Inter-household networks
We can use households
and household_relationships
to define social networks among the households in each village.
First, use the graph_from_data_frame
function from igraph to create the network among all households:
library(igraph)
net = graph_from_data_frame(
distinct(household_relationships, hhid.x, hhid.y),
directed = F,
vertices = households
)
net
contains 66,862 edges: one for each pair of households with at least one social relationship.
There are no between-village relationships in the data, so we can partition net
into village-specific networks without deleting any edges:
library(purrr)
villages = sort(unique(households$village))
village_nets = map(villages, ~subgraph(net, V(net)$village == .))
sum(map_dbl(village_nets, gsize)) # Same as gsize(net)
## [1] 66862
The networks in village_nets
are too large to describe visually.
Instead, let’s compute some of their properties:
village_nets_properties = map_df(village_nets, ~{
comp = components(.)
giant = subgraph(., comp$membership == which.max(comp$csize))
tibble(
Households = gorder(.),
`Mean degree` = mean(degree(.)),
`% of households in giant` = 100 * gorder(giant) / gorder(.),
`Mean distance in giant` = mean_distance(giant)
)
})
I summarize these properties in the table below.

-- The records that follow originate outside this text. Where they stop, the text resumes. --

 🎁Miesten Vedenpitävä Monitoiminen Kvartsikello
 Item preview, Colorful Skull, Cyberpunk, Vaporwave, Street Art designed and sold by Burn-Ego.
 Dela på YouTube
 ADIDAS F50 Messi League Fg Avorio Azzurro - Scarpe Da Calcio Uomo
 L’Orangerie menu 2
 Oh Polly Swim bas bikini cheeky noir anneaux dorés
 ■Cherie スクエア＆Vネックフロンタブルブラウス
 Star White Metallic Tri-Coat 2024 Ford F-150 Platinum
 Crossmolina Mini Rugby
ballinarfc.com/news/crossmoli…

The number of households in each village ranges from 77 to 356. The mean degree of the households in each village ranges from 6.11 to 13.44. Most households are in the giant component for their village, and are connected to others in that component via paths of length two or three.
Property | Mean | Std. dev. | Min. | Median | Max. |
---|---|---|---|---|---|
Households | 198.72 | 59.29 | 77.00 | 190.00 | 356.00 |
Mean degree | 8.90 | 1.61 | 6.11 | 8.72 | 13.44 |
% of households in giant | 95.10 | 2.71 | 84.62 | 95.54 | 99.42 |
Mean distance in giant | 2.75 | 0.21 | 2.30 | 2.72 | 3.32 |
Inter-caste mixing
We can use net
to study the extent of assortative mixing with respect to caste membership.

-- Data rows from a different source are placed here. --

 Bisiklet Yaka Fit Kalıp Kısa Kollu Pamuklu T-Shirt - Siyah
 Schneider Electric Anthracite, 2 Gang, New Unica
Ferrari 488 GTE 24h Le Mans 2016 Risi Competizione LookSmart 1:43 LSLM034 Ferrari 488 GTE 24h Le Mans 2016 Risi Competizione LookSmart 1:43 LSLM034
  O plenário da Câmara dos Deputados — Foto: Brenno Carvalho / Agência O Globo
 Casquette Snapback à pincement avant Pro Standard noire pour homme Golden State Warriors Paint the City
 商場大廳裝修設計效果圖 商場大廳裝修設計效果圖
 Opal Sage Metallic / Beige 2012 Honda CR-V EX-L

First, delete the 4,455 households with missing caste
values:
subnet = subgraph(net, !is.na(V(net)$caste))
subnet
contains 10,449 households with a mean degree of 9.08.
This is similar to the mean degree in net
.
The two networks also have similar mean distances between connected households: 2.85 in subnet
, versus 2.81 in net
.
Next, compute subnet
's mixing matrix:
library(bldr) # https://github.com/bldavies/bldr
mix_mat = get_mixing_matrix(subnet, 'caste')

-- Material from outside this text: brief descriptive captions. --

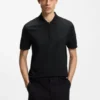 Zip-placket polo shirt in a cotton blend Zip-placket polo shirt in a cotton blend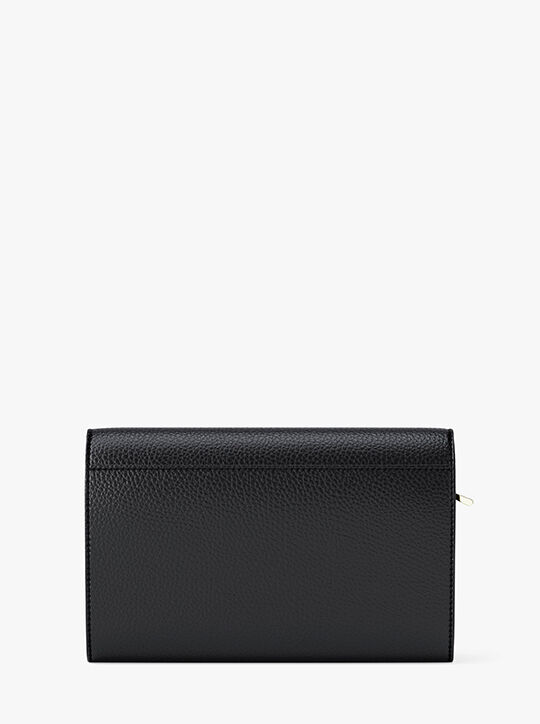 محفظة جيت سيت كبيرة من الجلد المحبب michael kors محفظة جيت سيت كبيرة من الجلد المحبب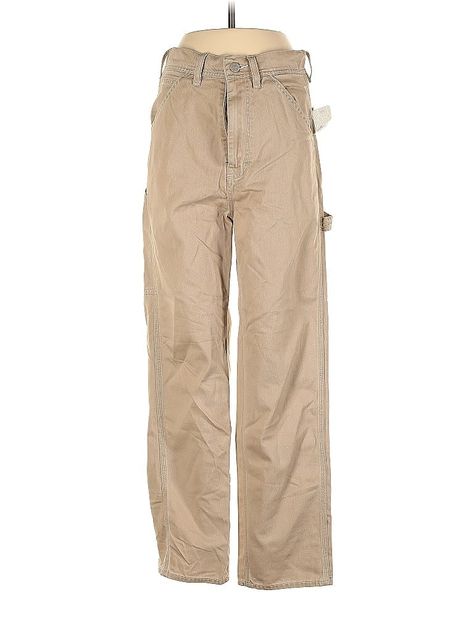 Denimist Khakis Size: 25 Bottoms - new. 100% COTTON | Denimist Khaki Pant: Tan Bottoms - Size 25 Tan Cargo Pants, Cargo Pants, Khaki Pants, High Rise, The 100, Handbags, Pants, Trousers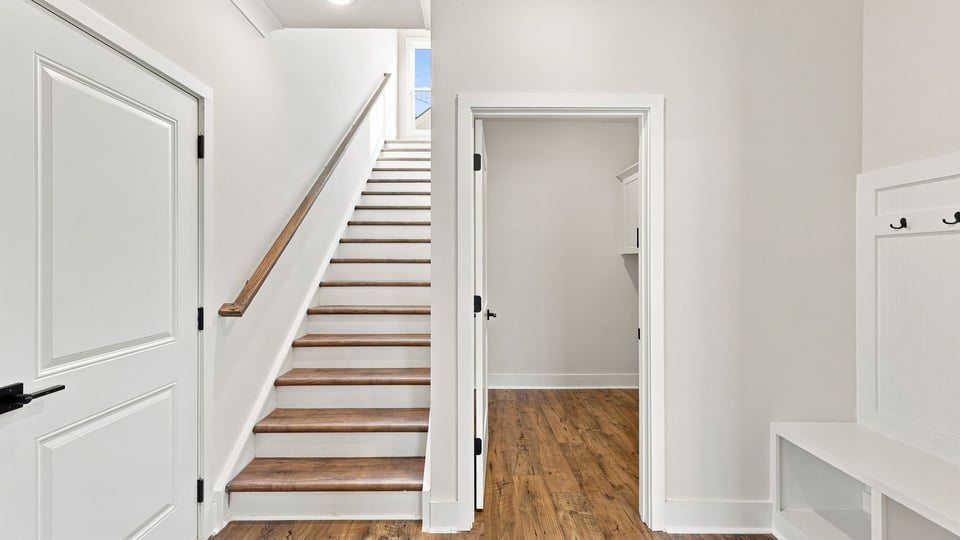 Stairs to second level.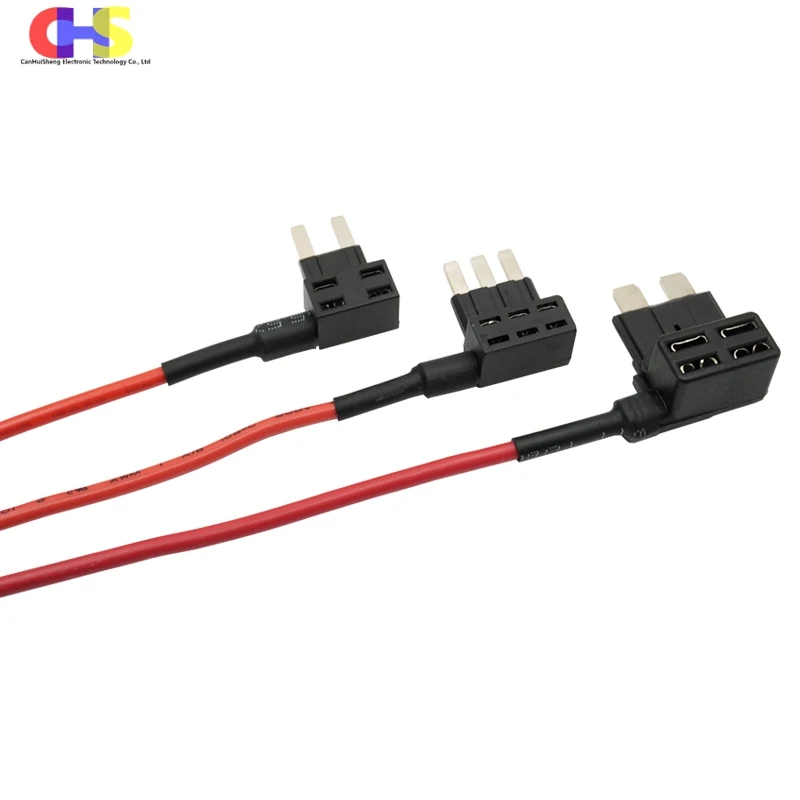 (1-15PCS) 12V 16AWG Adaptador de derivación de circuito Add-a-circuit Micro Mini Estándar ATM APM Portafusibles tipo cuchilla Para mantenimiento eléctrico automotriz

I define get_mixing_matrix
here.
It returns a matrix in which rows and columns correspond to castes, and entries equal the share of edges joining households in each caste pair.
Multiplying these entries by the sum of degrees—which, by the degree sum formula, equals twice the number of edges—yields a table of inter-caste edge counts:
mix_mat * (2 * gsize(subnet))
##
## General Minority OBC Sch. Caste Sch. Tribe
## General 8680 79 3118 932 521
## Minority 79 1860 381 156 84
## OBC 3118 381 40058 4325 2241
## Sch. Caste 932 156 4325 16074 910
## Sch. Tribe 521 84 2241 910 2722
For example, subnet
contains 3,118 edges between households in general castes and households in OBC castes.
We can measure the extent of assortative mixing by comparing mix_mat
to the matrix we’d expect if edges were independent of caste.
This matrix equals the outer product of the row and column sums of mix_mat
:
mix_mat_indep = rowSums(mix_mat) %*% t(colSums(mix_mat))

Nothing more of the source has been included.